The coverage will include both repurposed content from NY1 News and fresh material gathered specifically for the Spanish-language channel, which is yet to be named, said Steve Paulus, NY1 general manager. “We don’t just want to take NY1 content and voice-over in Spanish,” he said. “Obviously, there is a difference in what Latinos want.”

NAJA Leader Calls Attention to “Indian Enron” Case

History may remember 2002 as the year of the accounting scandals. But American Indians have been victimized by the government’s own accounting scandal for decades, writes Mary Annette Pember, a vice president of the Native American Journalists Association who has just been named the organization’s executive director.

In the “Indian Enron” case, as it’s being called, the U.S. government has mismanaged the trust funds of up to half a million people for more than 100 years, Pember writes in the St. Paul Pioneer Press.

“Most people know little or nothing about this subject.

“There is a strange disconnect between mainstream America and Indian America. Many white Americans view American Indians as denizens of ancient history, which in this culture of instant gratification is anything that happened more than 30 years ago,” she says.

Wash. Post Immigration Series Criticized as Stereotyping

Washington Post writer Anne Hull‘s front-page series on immigrants in Atlanta, called “Rim of the New World,” drew critical letters to the editor from incoming president Mae M. Cheng of the Asian American Journalists Association and from Jeordan Legon, a member of the National Association of Hispanic Journalists.

Parts of the series “are disappointing because they resort to cliches that were more relevant a decade ago,” Cheng wrote.

“Rather than displaying varied portraits of Latinos, your paper presents stereotypical views of minorities,” said Legon.

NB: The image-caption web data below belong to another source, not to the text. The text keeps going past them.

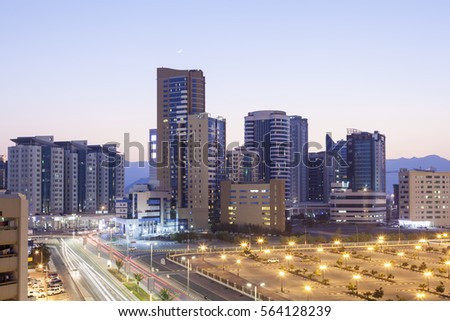 View of Fujairah City at dusk. United Arab Emirates, Middle East Royalty-Free Stock Photo #564128239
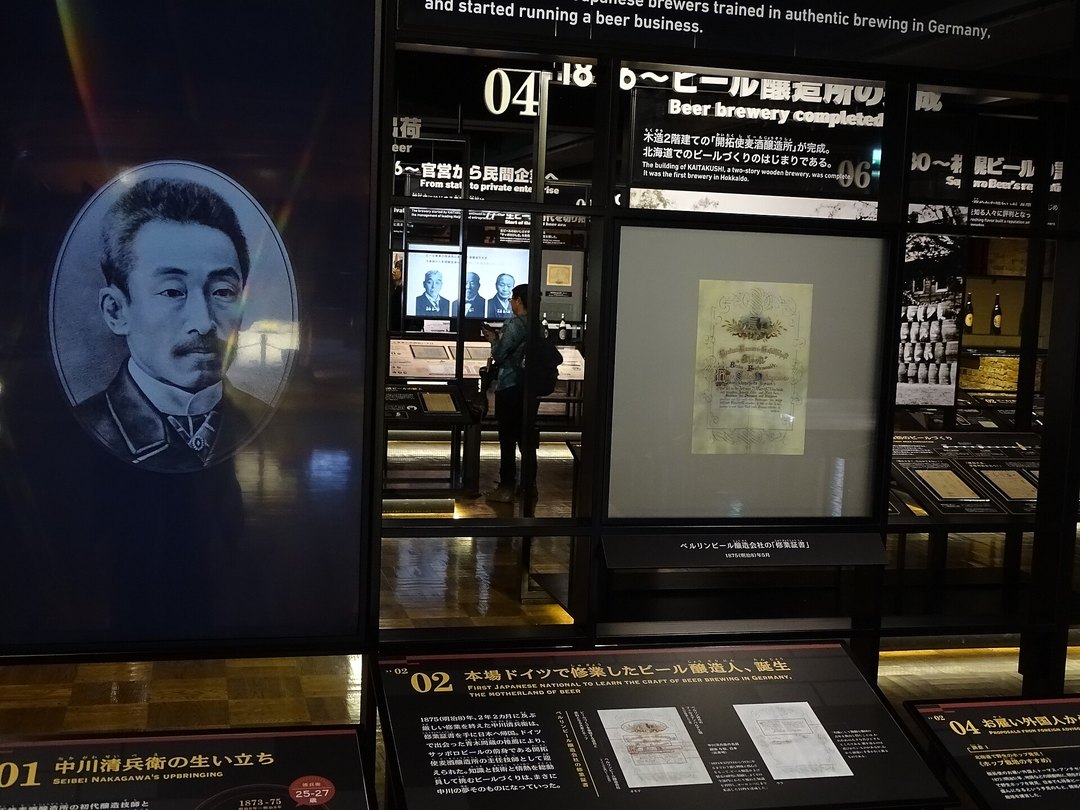 札幌啤酒博物館的展示區:左邊是一位留八字鬍男士的黑白肖像,右邊黑色展板上編號 02、04 的日英雙語說明,寫著在德國學釀酒與「ビール醸造所」完成,中間玻璃框裡是一張舊文件,後方深處有一位參觀者背對鏡頭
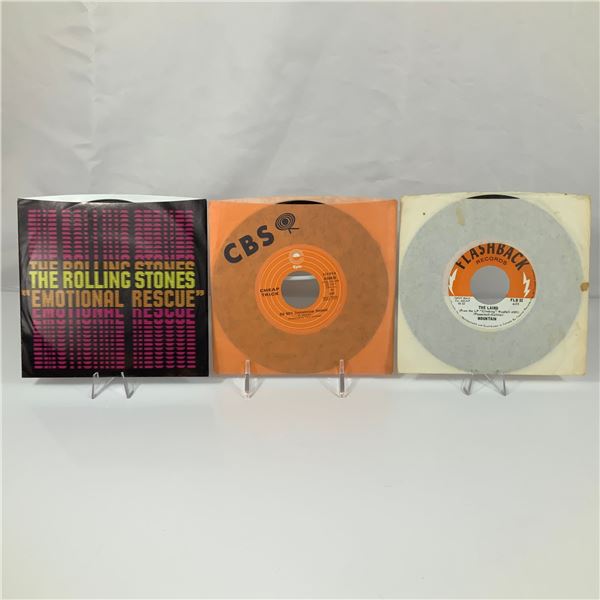 A Trio of Rock 45 RPM Vinyl Records Including The Rolling Stones, Cheap Trick, and Mountain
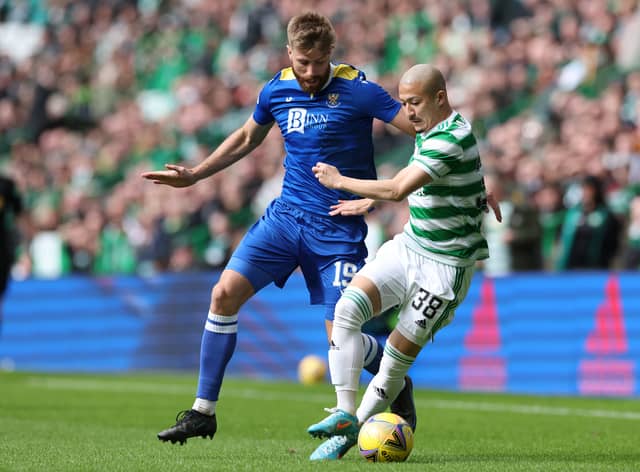 Daizen Maeda of Celtic challenged by Shaun Rooney of St Johnstone during the Cinch Scottish Premiership match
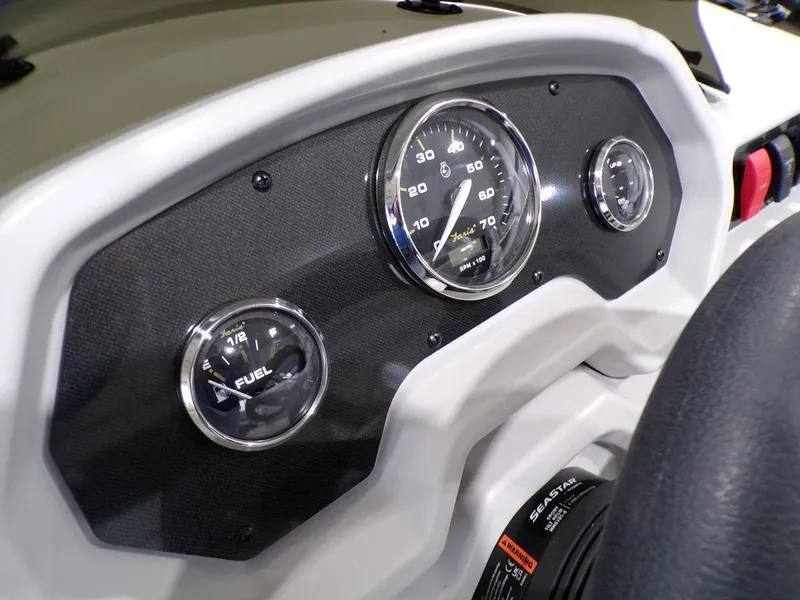 Slide: The Image of Dashboard of 2025 Godfrey Xperience 2286 SFLX boat with speedometer and fuel gauge. - 26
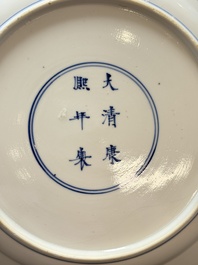 Two Chinese blue and white plates with figural design, Kangxi marks and of the period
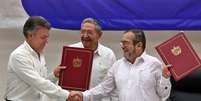 O delegado das Farc em Cuba, Rodrigo Londoño Echeverri (dir.), e o presidente da Colômbia, Juan Manuel Santos (esq.), junto ao presidente de Cuba, Raúl Castro, seguram o acordo de paz entre o governo e a guerrilha durante cerimônia em Havana  Foto: EFE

On the piece that focused on Asian Americans, “the series could have included stories on such issues as the growth of the evangelical Christian churches Asians are attending and how this is changing the spirituality and political fabric of the South. Or perhaps you could have considered a story about the shift of power in the South as some white neighborhoods welcome Asians but are hostile to Latinos and blacks,” Cheng said.

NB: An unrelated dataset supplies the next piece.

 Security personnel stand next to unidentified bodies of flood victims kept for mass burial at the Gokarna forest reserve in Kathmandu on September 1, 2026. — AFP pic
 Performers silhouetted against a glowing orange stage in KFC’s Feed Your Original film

Dwight Cunningham Editing Washington Afro

Dwight Cunningham, a journalist who also has worked at more places than most, is now executive editor of the Washington Afro-American, effective Nov. 12. Wiley Hall III, who had edited the paper, retains overall responsibility for all Afro publications, including the Washington and Baltimore weekly papers; EW, the Afro’s entertainment weekly; monthly special supplements; and the Afro Chronicles, which are published quarterly on special topics and which make extensive use of Afro archives. Cunningham, who once was an Afro reporter and went on to several newspapers and business publications, most recently briefly helped cover military affairs at the Norfolk (Va.) Virginian Pilot.

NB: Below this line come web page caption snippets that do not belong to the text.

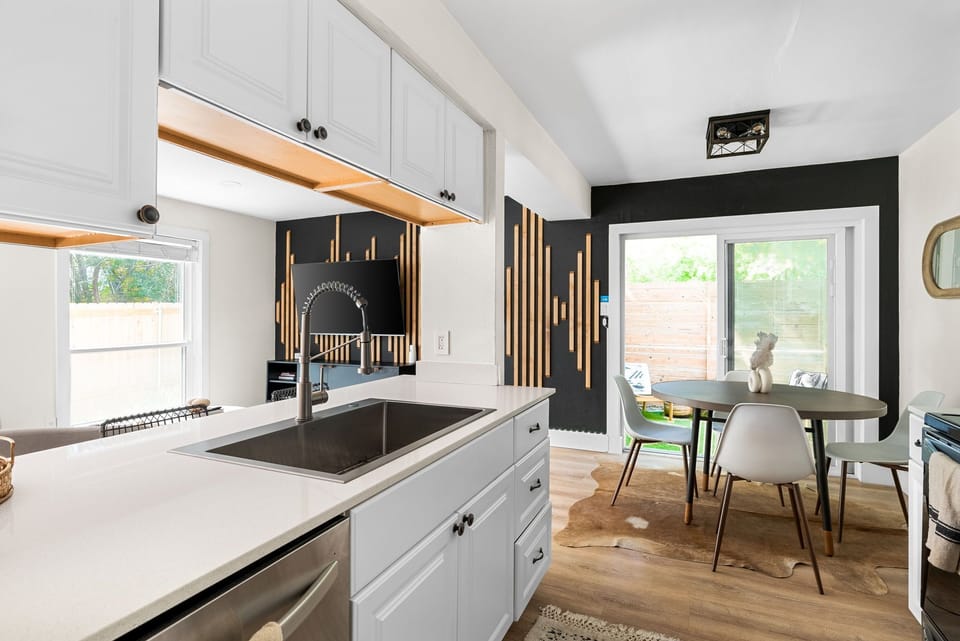 The countertop in a kitchen with white cabinets can act as a focal point and complement the overall design.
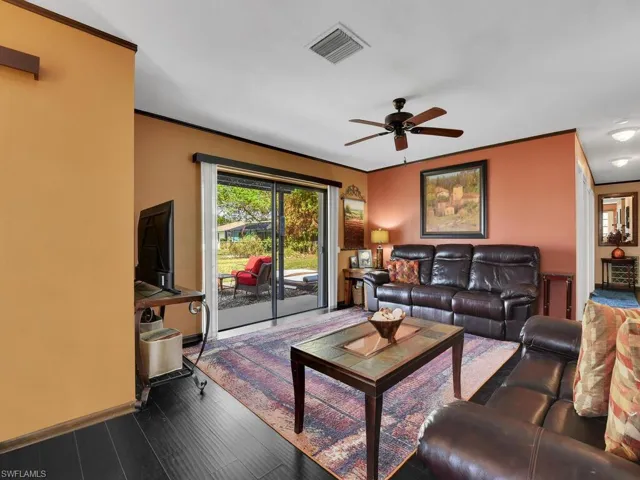 Living room featuring dark hardwood / wood-style flooring and ceiling fan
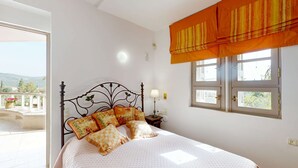 A bedroom with a bed, a window with curtains, a bedside table with a lamp, and a view of the outdoors. - Epidavros Villas, Elia Garden Retreat, Shared Pool (Nea Epidavros)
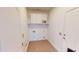 Practical laundry room with built-in cabinets for efficient organization at 7730 E Boise St, Mesa, AZ 85207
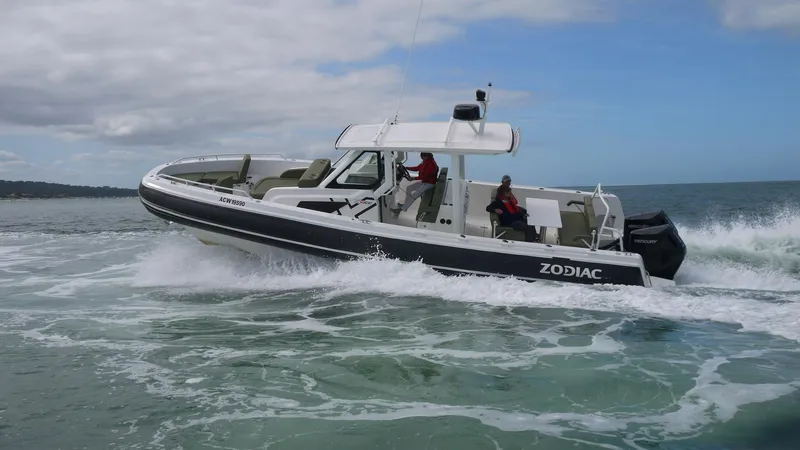 Slide: The Image of 2025 Zodiac X10CC boat with twin Yamaha 450 engines navigating ocean waves. - 2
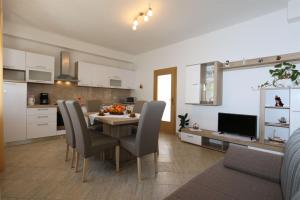 una cucina e una sala da pranzo con tavolo e sedie di Apartment Car Marica a Šilo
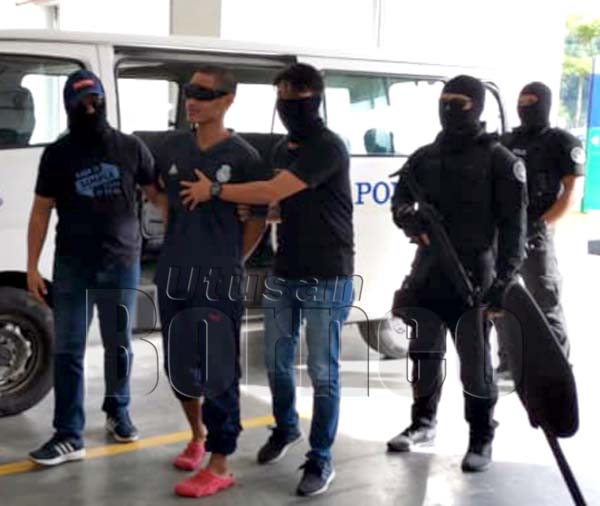 MOHAMMAD Alif diiringi oleh anggota polis dari cawangan Khas Bahagian Anti Pengganas (E8) menuju ke lokap Mahkamah Kota Kinabalu.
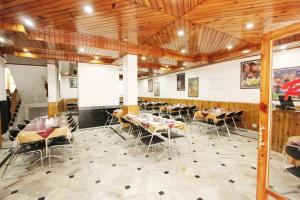un ristorante con tavoli e sedie in una stanza di Hotel Snow View Manali a Manāli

Univision to Buy N.C. Station

Univision, the nation’s largest Spanish-language television network, has agreed to buy WKFT-TV Channel 40 to gain a foothold in North Carolina and access to the state’s burgeoning Hispanic population, the Associated Press reports.

The deal, expected to close during the first quarter of 2003, will create the first North Carolina station to target Hispanics as its primary audience. The Fayetteville-based station will reach at least a third of all Hispanics living in the state, according to Census data, by broadcasting in Fayetteville, Raleigh, Durham, Chapel Hill and Goldsboro.